The holidays are coming, so I got myself a present and I have to show it off 😃. Santa brought me the STM32MP257F-DK development board. It offers a 64-bit ARM, a coprocessor based on ARM Cortex-M33, and a dedicated AI accelerator. All in a single chip. In this article, we’ll look at the features and functionality of the STM32MP2 series, with particular focus on the STM32MP257F-DK development board. At the end, we’ll boot up the board and check how to connect to it.
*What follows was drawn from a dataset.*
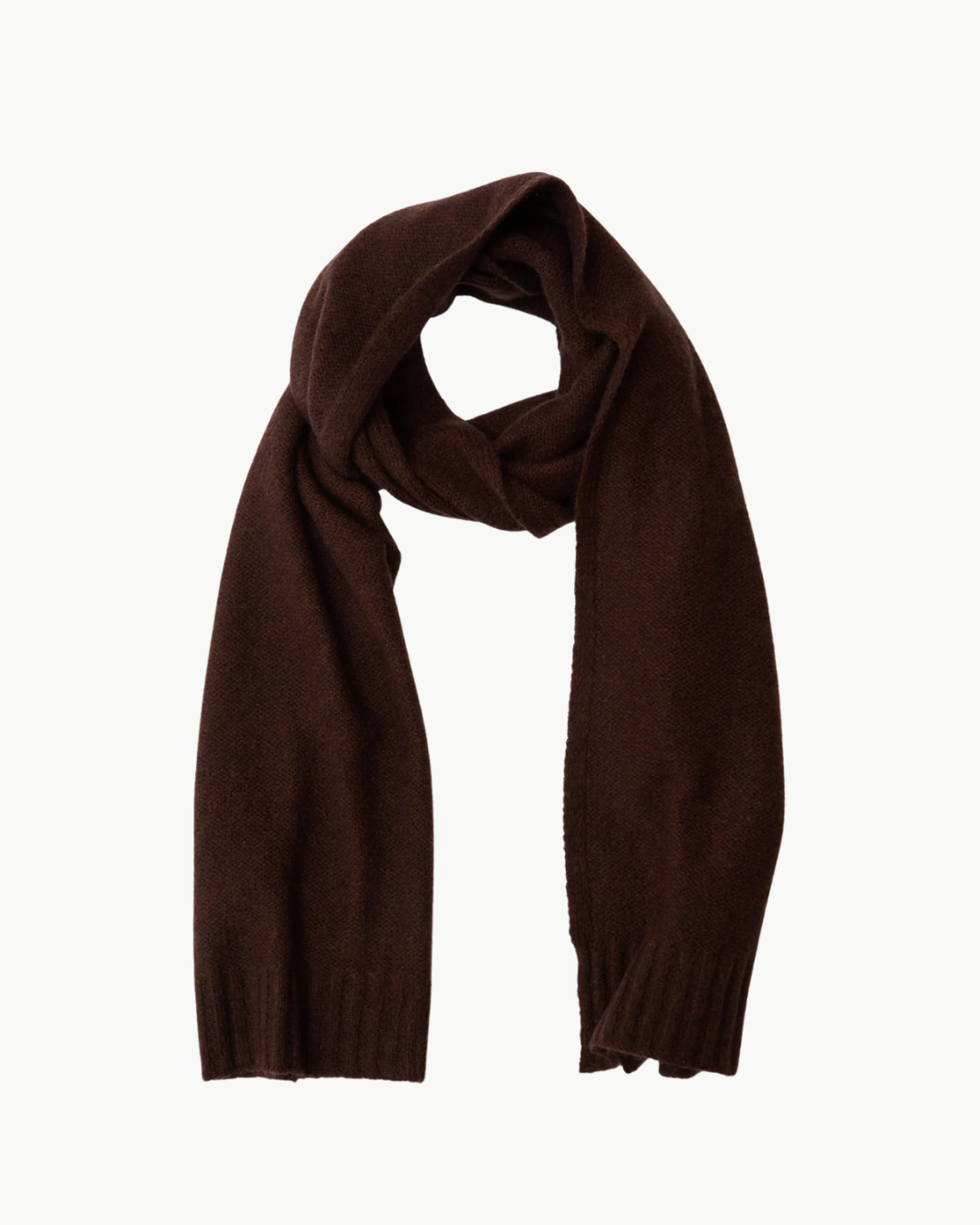 Lofty Scarf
What exactly is the STM32MP2 series?

The STM32MP2 series is a family of microprocessors (MPUs) from STMicroelectronics, designed for industrial applications. The wide operating temperature range from -40 to 125°C already hints at this. It’s the natural successor to the STM32MP1 series, but with several improvements. The biggest change? Transition to 64-bit architecture. The STM32MP1 series was based on the 32-bit Cortex-A7. STM32MP2 uses Cortex-A35. But that’s not all. ST also added a dedicated AI accelerator (NPU) with 1.35 TOPS of performance. In times when edge AI is becoming increasingly popular, that’s a pretty good move.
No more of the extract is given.